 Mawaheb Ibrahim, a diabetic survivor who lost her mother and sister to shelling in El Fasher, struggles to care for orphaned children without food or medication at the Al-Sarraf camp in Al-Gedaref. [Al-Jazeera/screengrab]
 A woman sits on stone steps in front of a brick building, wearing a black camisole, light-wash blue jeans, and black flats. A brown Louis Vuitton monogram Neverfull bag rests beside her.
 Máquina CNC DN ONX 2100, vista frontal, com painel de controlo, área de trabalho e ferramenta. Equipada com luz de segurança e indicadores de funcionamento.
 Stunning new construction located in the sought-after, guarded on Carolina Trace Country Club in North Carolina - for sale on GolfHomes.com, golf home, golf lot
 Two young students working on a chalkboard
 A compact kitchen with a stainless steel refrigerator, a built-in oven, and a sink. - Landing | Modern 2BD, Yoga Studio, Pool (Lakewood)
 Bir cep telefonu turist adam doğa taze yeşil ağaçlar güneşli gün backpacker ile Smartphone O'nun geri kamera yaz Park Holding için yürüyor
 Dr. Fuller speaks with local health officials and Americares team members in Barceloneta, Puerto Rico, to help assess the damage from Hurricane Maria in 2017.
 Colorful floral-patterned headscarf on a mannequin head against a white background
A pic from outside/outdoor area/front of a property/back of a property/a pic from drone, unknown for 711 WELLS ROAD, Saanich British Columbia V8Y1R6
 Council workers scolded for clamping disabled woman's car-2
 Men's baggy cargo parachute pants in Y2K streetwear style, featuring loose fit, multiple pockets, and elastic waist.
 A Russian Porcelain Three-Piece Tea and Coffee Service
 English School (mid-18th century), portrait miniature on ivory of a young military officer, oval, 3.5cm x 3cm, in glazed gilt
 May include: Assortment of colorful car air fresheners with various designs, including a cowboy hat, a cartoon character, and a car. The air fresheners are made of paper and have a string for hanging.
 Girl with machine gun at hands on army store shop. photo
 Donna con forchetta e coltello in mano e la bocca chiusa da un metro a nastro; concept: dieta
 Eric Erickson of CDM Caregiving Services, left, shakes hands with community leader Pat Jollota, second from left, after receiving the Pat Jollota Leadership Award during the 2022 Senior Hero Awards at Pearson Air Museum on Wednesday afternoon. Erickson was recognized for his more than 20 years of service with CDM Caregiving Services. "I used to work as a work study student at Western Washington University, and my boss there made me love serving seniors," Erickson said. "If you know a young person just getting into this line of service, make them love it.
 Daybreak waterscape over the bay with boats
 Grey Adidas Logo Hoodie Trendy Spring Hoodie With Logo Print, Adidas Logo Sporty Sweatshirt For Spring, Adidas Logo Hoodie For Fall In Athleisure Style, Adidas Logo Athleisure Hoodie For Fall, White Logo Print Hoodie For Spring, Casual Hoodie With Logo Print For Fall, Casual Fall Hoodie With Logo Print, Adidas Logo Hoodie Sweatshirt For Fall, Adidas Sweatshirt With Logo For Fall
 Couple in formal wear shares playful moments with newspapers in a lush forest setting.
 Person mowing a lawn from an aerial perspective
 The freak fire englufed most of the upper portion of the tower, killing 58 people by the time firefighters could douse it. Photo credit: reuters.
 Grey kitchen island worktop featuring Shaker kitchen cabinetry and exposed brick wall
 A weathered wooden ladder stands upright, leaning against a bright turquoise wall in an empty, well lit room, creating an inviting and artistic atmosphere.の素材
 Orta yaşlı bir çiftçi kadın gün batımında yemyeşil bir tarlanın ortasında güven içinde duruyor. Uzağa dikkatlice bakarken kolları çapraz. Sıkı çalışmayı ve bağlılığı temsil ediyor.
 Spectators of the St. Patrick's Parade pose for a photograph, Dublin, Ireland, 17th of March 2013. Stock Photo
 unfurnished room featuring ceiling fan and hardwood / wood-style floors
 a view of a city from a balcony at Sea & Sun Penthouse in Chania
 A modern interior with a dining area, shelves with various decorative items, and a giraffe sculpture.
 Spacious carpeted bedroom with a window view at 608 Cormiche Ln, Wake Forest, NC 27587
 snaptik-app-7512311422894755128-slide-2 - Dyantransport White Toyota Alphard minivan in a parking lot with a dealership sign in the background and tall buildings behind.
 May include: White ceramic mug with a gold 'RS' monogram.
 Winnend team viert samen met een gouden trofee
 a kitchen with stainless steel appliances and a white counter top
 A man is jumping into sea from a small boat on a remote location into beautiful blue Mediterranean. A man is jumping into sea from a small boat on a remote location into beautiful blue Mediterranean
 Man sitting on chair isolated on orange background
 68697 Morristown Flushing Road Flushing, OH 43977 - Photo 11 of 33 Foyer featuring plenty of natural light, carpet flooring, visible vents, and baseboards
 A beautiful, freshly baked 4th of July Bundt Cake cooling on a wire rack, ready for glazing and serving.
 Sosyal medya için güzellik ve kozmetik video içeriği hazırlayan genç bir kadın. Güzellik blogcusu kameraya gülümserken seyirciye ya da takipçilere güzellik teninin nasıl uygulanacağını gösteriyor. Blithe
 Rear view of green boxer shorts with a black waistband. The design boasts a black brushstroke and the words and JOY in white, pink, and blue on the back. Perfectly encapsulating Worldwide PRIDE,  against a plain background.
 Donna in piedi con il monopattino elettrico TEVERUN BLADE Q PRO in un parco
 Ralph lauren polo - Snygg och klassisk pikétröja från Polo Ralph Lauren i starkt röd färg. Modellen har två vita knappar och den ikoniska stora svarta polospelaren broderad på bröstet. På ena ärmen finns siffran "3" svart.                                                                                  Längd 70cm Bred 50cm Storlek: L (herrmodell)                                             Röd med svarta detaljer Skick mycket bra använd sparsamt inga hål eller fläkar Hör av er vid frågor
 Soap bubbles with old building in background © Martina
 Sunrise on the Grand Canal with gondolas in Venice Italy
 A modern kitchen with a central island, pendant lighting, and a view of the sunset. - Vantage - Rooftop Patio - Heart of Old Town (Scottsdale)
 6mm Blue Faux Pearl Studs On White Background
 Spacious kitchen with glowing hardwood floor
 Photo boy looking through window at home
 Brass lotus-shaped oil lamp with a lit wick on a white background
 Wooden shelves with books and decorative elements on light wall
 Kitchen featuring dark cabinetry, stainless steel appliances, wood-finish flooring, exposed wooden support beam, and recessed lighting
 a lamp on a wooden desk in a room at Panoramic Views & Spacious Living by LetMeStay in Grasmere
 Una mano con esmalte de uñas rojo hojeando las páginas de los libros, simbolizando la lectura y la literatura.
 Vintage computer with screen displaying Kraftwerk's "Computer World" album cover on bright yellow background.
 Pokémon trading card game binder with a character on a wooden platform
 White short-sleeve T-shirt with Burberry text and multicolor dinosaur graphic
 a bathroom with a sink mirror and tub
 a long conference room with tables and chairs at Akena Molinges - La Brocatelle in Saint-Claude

WHAT TO WORK ON — Filter the listing for the word "monogram" and copy each line that has it.

EXPECTED ANSWER —
 A woman sits on stone steps in front of a brick building, wearing a black camisole, light-wash blue jeans, and black flats. A brown Louis Vuitton monogram Neverfull bag rests beside her.
 May include: White ceramic mug with a gold 'RS' monogram.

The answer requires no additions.